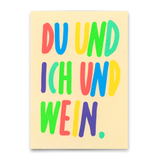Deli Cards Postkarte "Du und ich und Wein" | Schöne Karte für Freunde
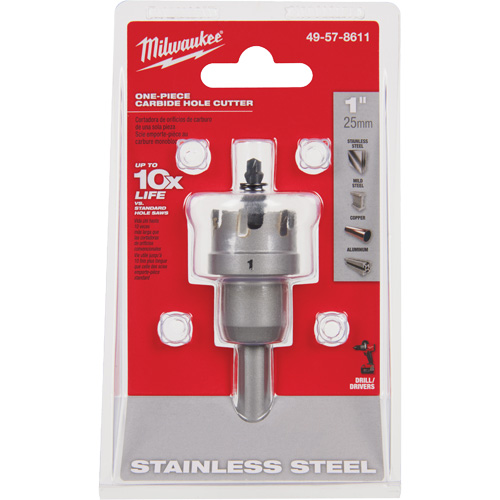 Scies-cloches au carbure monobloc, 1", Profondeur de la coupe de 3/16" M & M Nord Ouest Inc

******************************

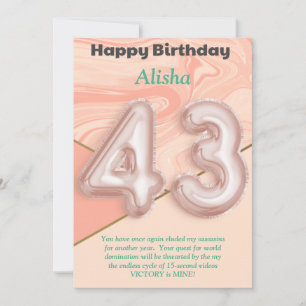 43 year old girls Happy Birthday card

******************************

*WHAT IS REQUIRED*
Only one stretch of the listing is wanted: the lines starting at the one with "Deli Cards Postkarte" and ending at the one with "Scies-cloches au carbure", copied exactly and free of pictures.

*EXPECTED ANSWER*
Deli Cards Postkarte "Du und ich und Wein" | Schöne Karte für Freunde
 Scies-cloches au carbure monobloc, 1", Profondeur de la coupe de 3/16" M & M Nord Ouest Inc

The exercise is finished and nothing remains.